Game theoretic pragmatics and implicatures in complex sentences

Anton Benz (ZAS Berlin)

 

In this talk I present a game theoretic model of implicatures in complex sentences. An utterance of "Some of the children got sick" will naturally be understood as meaning that some but not all the children got sick.  In this all pragmatic theories of conversational implicature agree. However, for complex sentence in which "some" is embedded under another operator, as in (A) "All of the children ate some of their broccoli", there has been considerable debate about what these sentences implicate, and about how the implicatures have to be accounted for. Two logic based approaches dominate the debate: localist approaches assume that implicatures are generated in situ, and, hence, that (A) implicates that "All of the children ate some but not all of their broccoli"; globalist approaches assume that stronger alternatives are negated globally, hence, that (A) only implicates that it is not the case that all the children ate all of their broccoli. Due to their intensive discussion, implicatures of complex sentences became a kind of benchmark for testing different frameworks of Gricean pragmatics.
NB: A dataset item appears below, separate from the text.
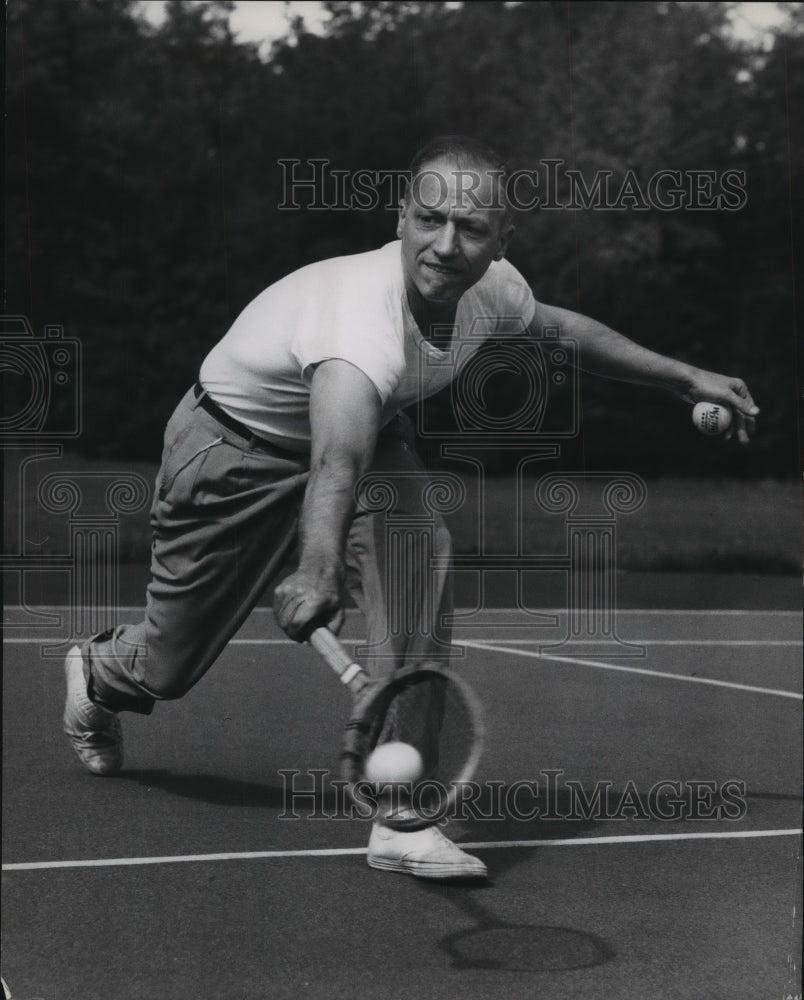 1953 Press Photo B. Johnson Jr.playing tennis. - mjt12038- Historic Images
In this talk we first compare logic based with game theoretic approaches, more precisely, the IBR model (Franke 2009) and error models (Benz 2012). We then present error models in greater detail. Often, game theoretical pragmatics is merely seen as an attempt to provide a solid foundation for the globalist view. However, we will see that they incorporate different principles, and, depending on the choice of principles, make predictions which either coincide with localism (IBR), or deviate from both logical approaches (error models).